These are some “chicken little” new DIY new year cards I handmade and gave some of my dearest girlfriends in church! 😀 My sister Lu Jia says they are “obiang” breaking my heart… Dione says it’s true, adding on “You want an honest friend!” HAHAHA. Yes my dear…

My new year week has been spent on packing my room. I think this round has taking the longest record, about a week and I’m still not absolutely done. Due to lack of inspiration of how to organize my room/stuff. 🙁

But I had a super week! Catching up with old friends on facebook! My pri and sec school friends alike. On wed, I had lunch with Dione at Bedok Point Bishamon’s Ramen shop. Their Salmon Ramen Salad has the sesame flavour reminiscent of the squid dish served on a cold plate at the start of Chinese wedding banquet. We enjoyed it. And then just shopping chilling all the way to Tampines. I will really miss Dione when she leaves!!! 🙁 I spent Christmas day, New Years Eve and New year week with her! 😀 BFF. Hahaha.

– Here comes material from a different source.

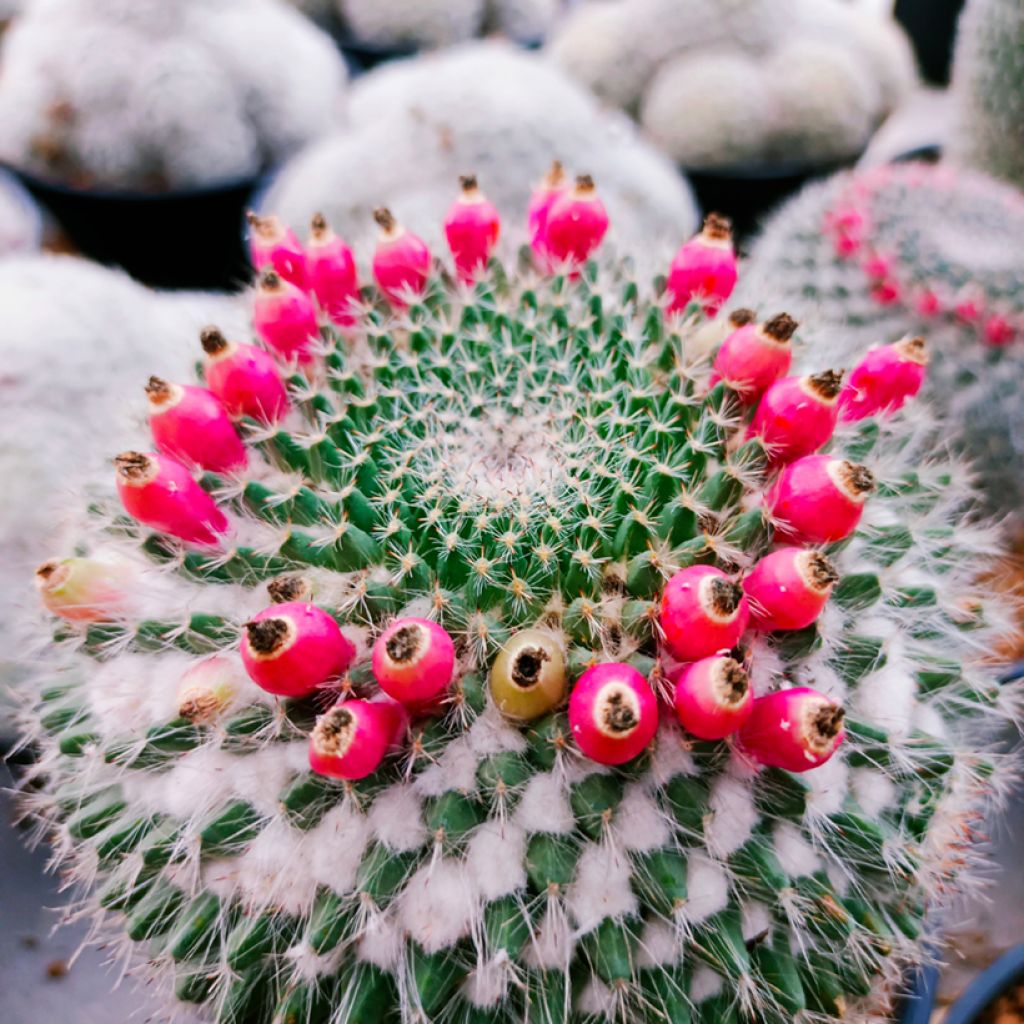 Cactus - Mammillaria hahniana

Xue Li came over today and we started on a new bible study material , Thessalonians! Yay! (although I must note we left Genesis bible study half way we must work to get that back on track someday) It’s a book written by Paul encouraging Christians to remain faithful in trial, a reminder useful for old and new christians a like! And the study material teachings practical biblical steps of how we can! It is very encouraging to see growth in someone whom God has entrusted you to. God is the one who causes the growth, hallelujah! 🙂

A few of my 2011 Goals

  • Read the bible in a year
  • Encourage one friend a month
  • Learn french
  • Practise Guitar
  • Exercise once a week!

xoxo

Bye Bye 2010


Hello! It’s 31 Dec, last day of 2010. And I’m feeling emo. Not because it’s the last day of the year but because of various accumulated reasons… 🙁 Too complex to be discussed in the scope of this blog.

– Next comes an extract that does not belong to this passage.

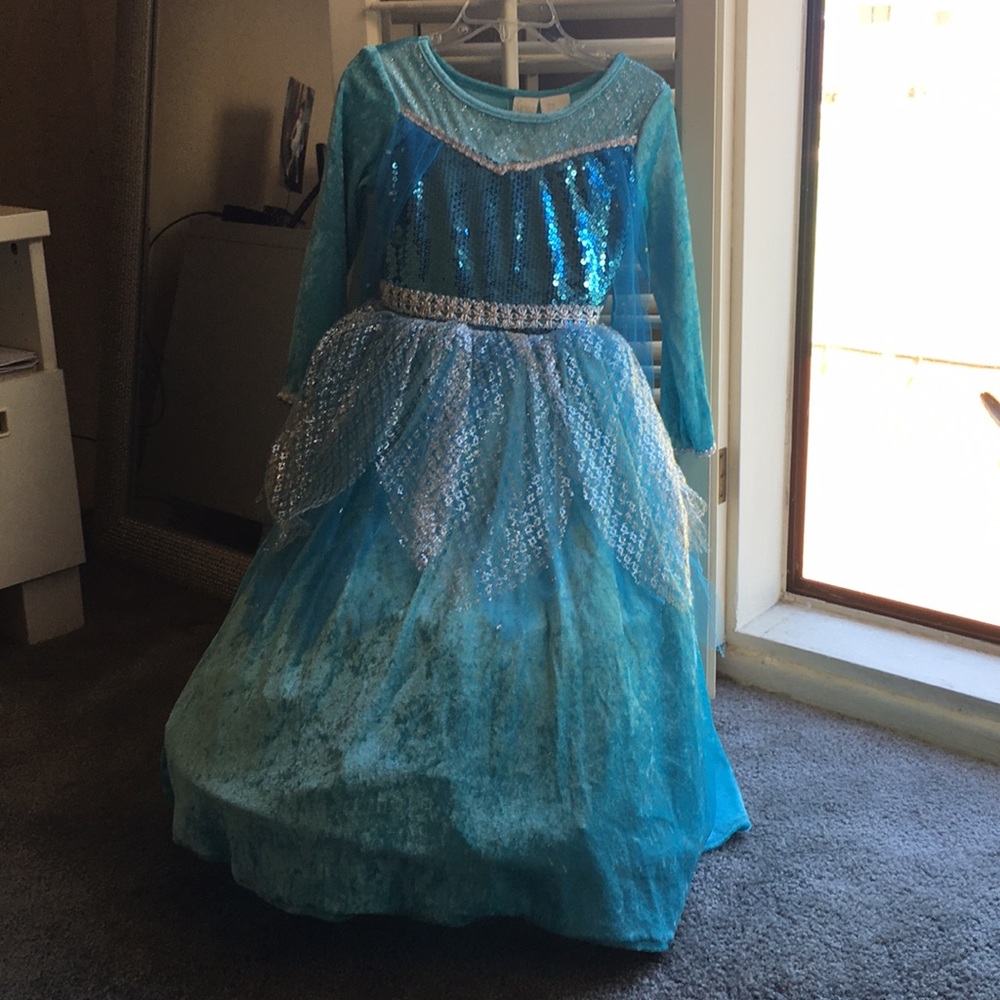 Elsa inspired costume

I guess it’s terrible to write emo gloom doom stuff on my blog and negatively influence you all… but I do feel this way. I think its a lot harder to stop/quit feeling this way that I thought… :'(

So… hope you all have a wonderful end to 2010! 🙂

When Love Came Down

This was meant to be blogged last night/early morning but something cropped up with WordPress so I decided to type on Word and am only posting it now. 🙂

Here are some over-due photos from YPM Camp, YA Gathering & Outreach Prep !

With Evan, Felily & Joyce!

With Brian Tan my 13 year old camp angel.

With YA1!

A group of church boys sewing Christmas outreach gifts is really quite a sight!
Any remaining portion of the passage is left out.